Nous nous accrochons à nos régimes anciennement démocratiques parce que nous ne savons pas par quoi les remplacer. Mais nous accroissons notre problème en refusant l’évidence. Aussi, comme nous avons fait vivre des monarchies au-delà de la fin du « droit divin », nous faisons vivre nos démocraties au-delà de l’échec de la « souveraineté populaire ». Les situations ne sont pourtant pas identiques : plus personne ne croit au pouvoir de droit divin, mais nous avons tous expérimenté la validité du principe de la souveraineté populaire. Il ne s’agit pas de faire une révolution contre les GAFAM, mais de leur livrer une guerre pour leur faire restituer le pouvoir qu’ils nous ont volé. Il ne s’agit pas d’imaginer un nouveau type de régime politique, mais de définir des règles qui rendent la démocratie à nouveau possible.
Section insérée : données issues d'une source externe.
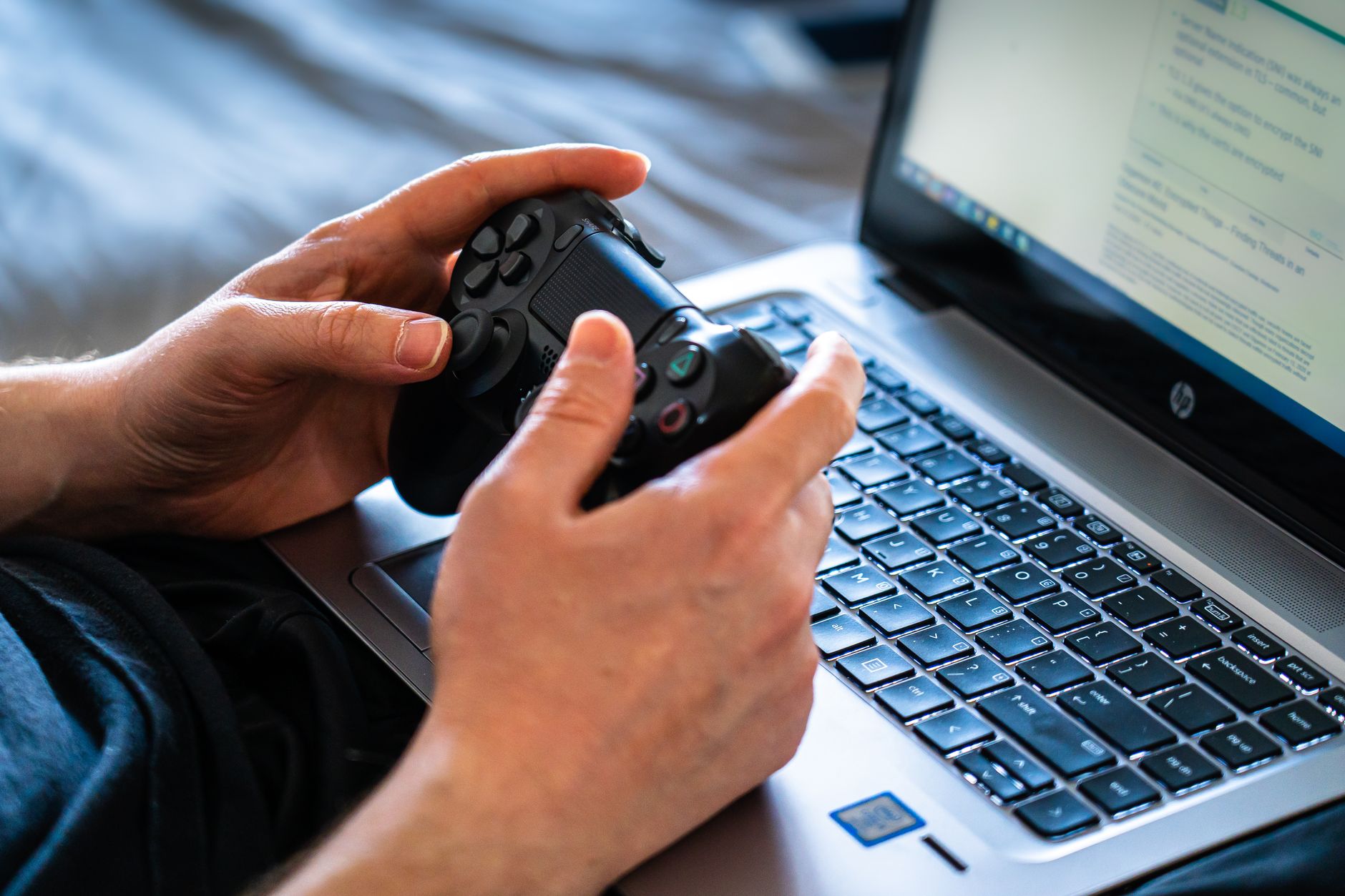 Laptop Panas Tanpa Main Game? Ini Penyebab dan Solusinya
La démocratie comme arme politique
Juste après la dissolution de l’URSS, le président des États-Unis, Bill Clinton, se posa la même question que son successeur Joe Biden : comment distinguer le bloc occidental des autres ? Il imagina une « Stratégie pour une démocratie globale » (Global Democracy Strategy) et constitua un groupe secret à la Maison-Blanche pour la mettre en œuvre.
Nous ne savons pas qui constituait ce groupe, mais avons identifié son évolution durant le mandat de George W. Bush. Il était dirigé alors par Liz Cheney (la fille du vice-président Dick Cheney) et par Elliott Abrams (qui organisa le renversement parlementaire d’Hugo Chavez à la fin du mandat de Bush père [2]). Ce groupe supervisa au Conseil national de sécurité plusieurs renversements comme celui du président constitutionnel du Honduras, Manuel Zelaya. Il ne pratiqua pas les méthodes militaires de la CIA, ni pseudo-révolutionnaires de la NED, mais inventa un modèle de coups d’État parlementaires. Il s’ensuivit en Amérique latine une épidémie de renversement parlementaire de gouvernements.
Au demeurant, l’expérience atteste que la démocratie n’est aujourd’hui qu’une forme et non plus une réalité. On peut fouler la Constitution aux pieds et renverser un gouvernement « démocratiquement » pourvu que l’on place un parlementaire pour lui succéder.
Nous ne doutons pas que ce bureau chargé de la Stratégie pour une démocratie globale existe toujours et fera parler de lui prochainement.
D’ores et déjà, cette Stratégie reprend le projet d’une « Alliance des démocraties » dont l’essayiste Francis Fukuyama avait été le promoteur et que l’administration Bush avait imaginé substituer aux Nations unies. L’ancien secrétaire général de l’OTAN, Anders Fogh Rasmussen, a d’ailleurs créé en 2017 une Fondation pour l’alliance des démocraties (Alliance of Democracies Foundation).
Notre avenir politique
Nous devons admettre que la Russie et la Chine ne sont pas pires que nous, mais au contraire affrontent le même problème avec une culture différente. Nous avons besoin de leur aide comme elles ont besoin de la nôtre.
Ensemble ou séparément, nous ne trouverons pas la solution dans l’immédiat. Nous devons commencer à lutter sans savoir quelle forme prendra notre victoire, mais nous en connaissons déjà les bases. Nous devons donc préciser le principe sur lequel nous voulons nous appuyer pour bâtir, nous-mêmes ou nos enfants, de nouvelles démocraties : la République.